Trajectory of Heffernan’s extraordinary career is pointing directly upwards

Cork man finally reaps the reward for his perseverance

Rob Heffernan with his wife Marian at Dublin airport following his 50km walk victory in Moscow. Photograph: Frank Miller
Rob Heffernan with his wife Marian at Dublin airport following his 50km walk victory in Moscow. Photograph: Frank Miller

Yes, well, so here we go again. If Sylvester Stallone knocking out Dolph Lundgren in the 15th round stretched the realms of credibility it was nothing compared to the marvellous jolting of some events in Moscow this week. And we haven’t heard the last of them. Trust me.

Rocky IV, remember, had a couple more equally incredible sequels. Like that Rob Heffernan arrived home last night having written the perfect sporting fairytale – complete with love and grief and laughs out loud – and the best part about his story is we haven’t heard the last of it, either. Now that he has overcome all fear, including the kamikaze water slide, and any doubt that he might somehow be unsuitable for the 50km walk, the trajectory of Heffernan’s career is pointing directly upwards.

And even if Rio 2016 seems like a long, long time away, there is no reason it can’t keep pointing in that direction for another three years.

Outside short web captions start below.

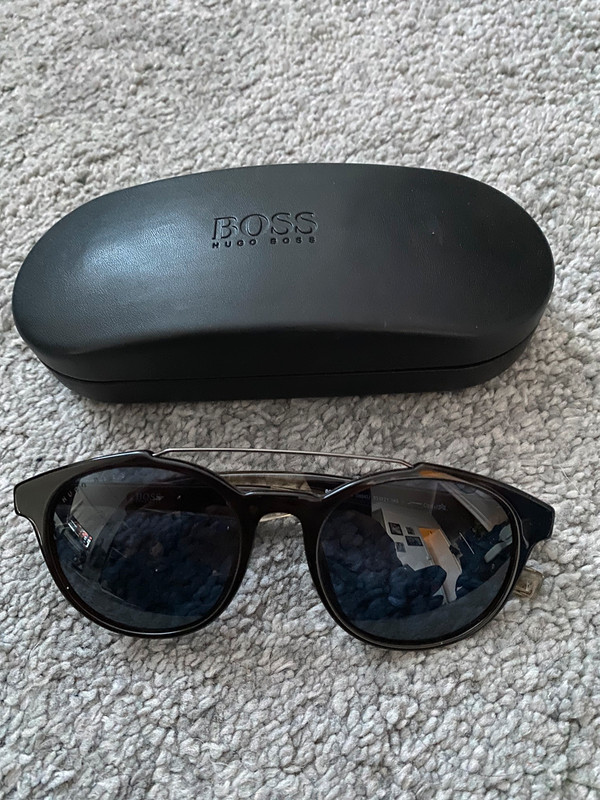 Lunettes de soleil Boss Vinted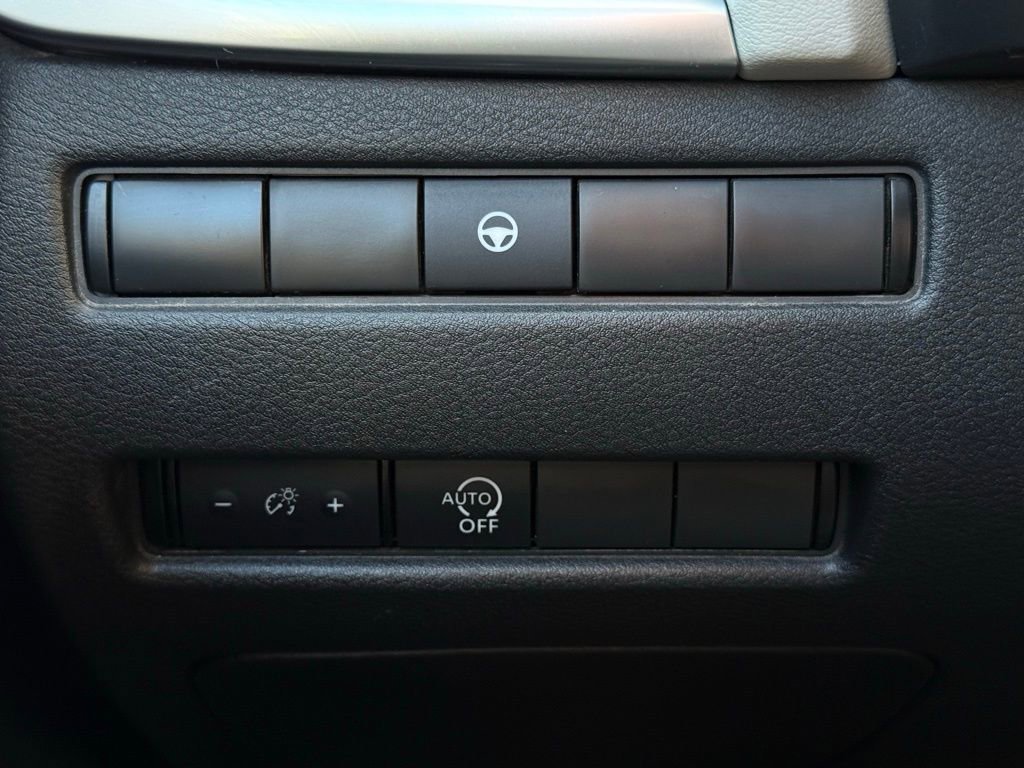 Certified 2023 Nissan Rogue SV image 26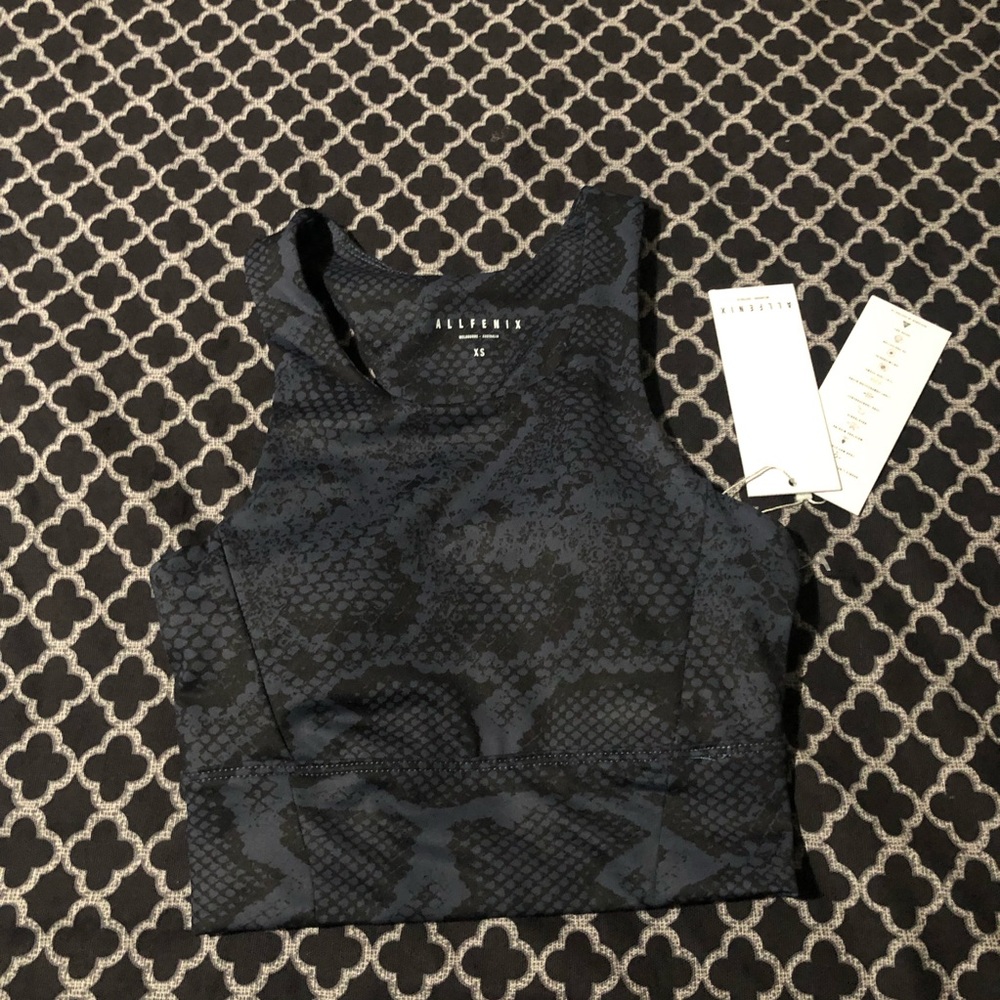 AllFenix Sports Bra XS Racerback Cut Out Back Blue Black Snake Skin Print Womens - Picture 8 of 8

Because the 50km walk is unlike any other athletic discipline. Not only does it require levels of dedication, and appetite, above and beyond any other event, it demands a period of apprenticeship that can only come with age. It explains why when Heffernan realised he still had the young Russian Mikhail Ryzhov for company last Wednesday, he stopped his thoughts for a moment and decided, “No, he’s only a young fella. No way is he beating me.”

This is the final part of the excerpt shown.